How Ukrainian Technology Boosted China’s Naval Development

How Ukrainian Technology Boosted China’s Naval Development
Varyag, the Soviet aircraft carrier purchased by the Chinese regime and relaunched in 2012 as the Type 001 Liaoning, before refitting. Public Domain
Olivia Li
Updated:

In 2012, the People’s Liberation Army Navy launched its first aircraft carrier, the Liaoning. The project attracted close interest from the media and experts, as the Liaoning was built in Ukraine in the twilight of the Cold War, before being sold to China in 1999, originally on the condition that it would not be refitted for military use.

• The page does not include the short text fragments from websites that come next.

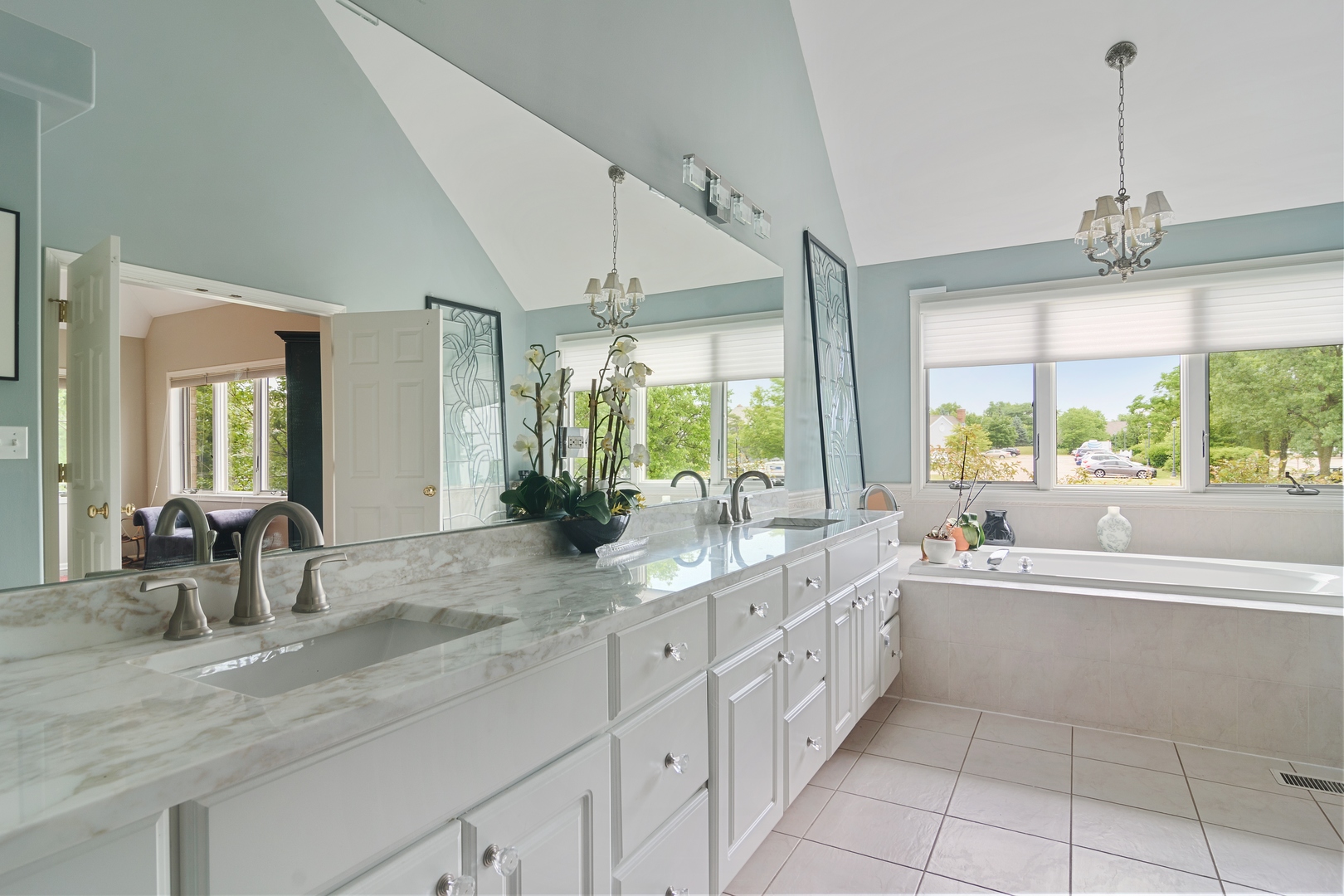 1532 West Rue James Place Palatine, IL 60067 - Photo 11 of 16 a large white kitchen with a large window and sink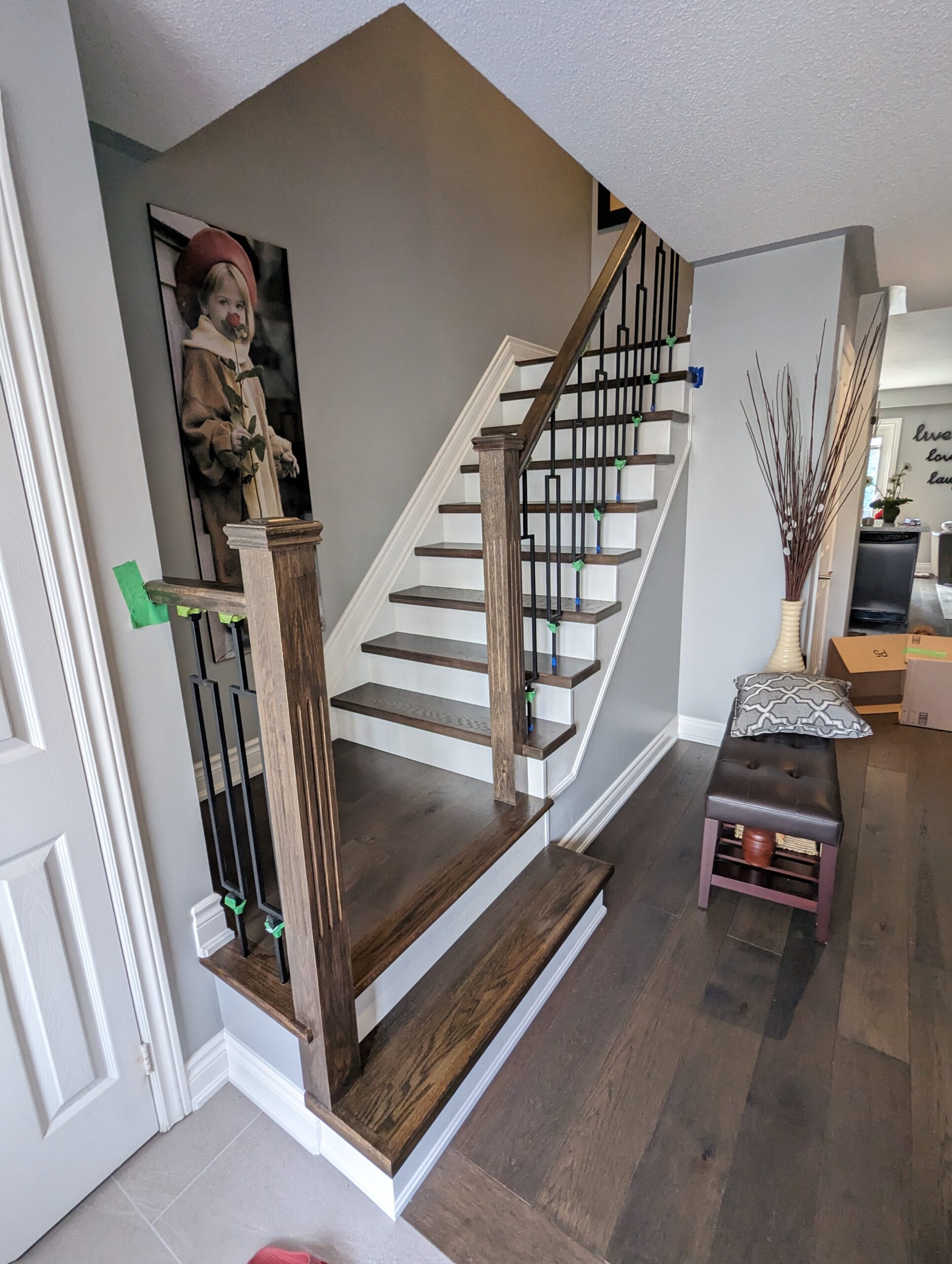 Stairs Refinishing in Markham. Stairs, wall stringers, risers, handrails, pickets and all associated wooden areas including the landing on the second floor, filedl and caulk all gaps, Striped all varnish and stain, applied 1 coat of stain 2 coats of water base varnish, all areas except stairs and handrails painted white.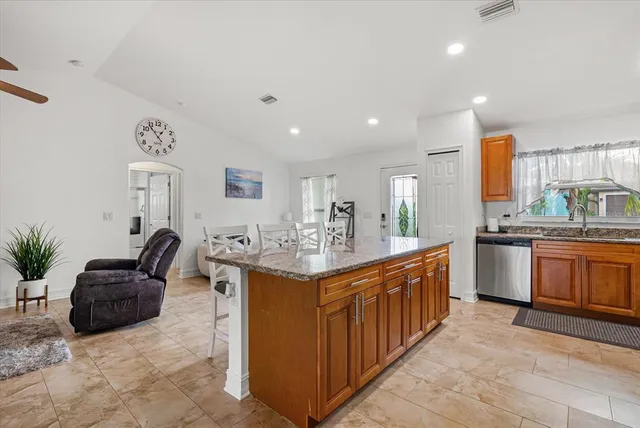a kitchen with stainless steel appliances kitchen island granite countertop a sink and cabinets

Instead, the Liaoning, formerly named Varyag, became the basis for the Chinese communist regime’s ambitious program to design and deploy its own aircraft carriers. The sale and refit of Varyag fit into an important post-Cold War trend: Ukraine, which inherited much of its outsized defense industry and development firms from the former Soviet Union, has increasingly come to view China as its main client.

$20 Million for 30 Years of Soviet Tech

Varyag, originally named for the city of Riga before its first rechristening in 1990, was laid down in 1985 at the Black Sea shipyard and launched in a partial state of completion in 1988, when Ukraine was part of the Soviet Union. When the Soviet Union dissolved in 1991, progress on the unfinished ship was halted.